▶ Short text fragments from websites:
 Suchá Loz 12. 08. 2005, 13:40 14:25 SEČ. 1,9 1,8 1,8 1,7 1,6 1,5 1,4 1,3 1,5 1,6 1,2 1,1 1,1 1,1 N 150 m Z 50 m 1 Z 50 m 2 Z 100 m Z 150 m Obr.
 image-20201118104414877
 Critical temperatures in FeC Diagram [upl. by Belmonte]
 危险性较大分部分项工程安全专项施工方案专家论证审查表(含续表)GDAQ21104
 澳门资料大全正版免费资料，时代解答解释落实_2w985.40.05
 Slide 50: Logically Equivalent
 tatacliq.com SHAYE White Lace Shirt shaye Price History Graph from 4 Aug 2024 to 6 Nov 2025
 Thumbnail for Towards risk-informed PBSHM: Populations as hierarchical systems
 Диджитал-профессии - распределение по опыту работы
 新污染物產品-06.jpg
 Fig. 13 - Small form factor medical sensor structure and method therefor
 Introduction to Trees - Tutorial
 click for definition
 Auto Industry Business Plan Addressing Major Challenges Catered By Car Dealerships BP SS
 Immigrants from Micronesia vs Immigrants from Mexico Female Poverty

▶ Exercise: Starting at the line that contains "Thumbnail for Towards", write out every line to the end of the entries, exactly as given.

▶ Exercise result:
 Thumbnail for Towards risk-informed PBSHM: Populations as hierarchical systems
 Диджитал-профессии - распределение по опыту работы
 新污染物產品-06.jpg
 Fig. 13 - Small form factor medical sensor structure and method therefor
 Introduction to Trees - Tutorial
 click for definition
 Auto Industry Business Plan Addressing Major Challenges Catered By Car Dealerships BP SS
 Immigrants from Micronesia vs Immigrants from Mexico Female Poverty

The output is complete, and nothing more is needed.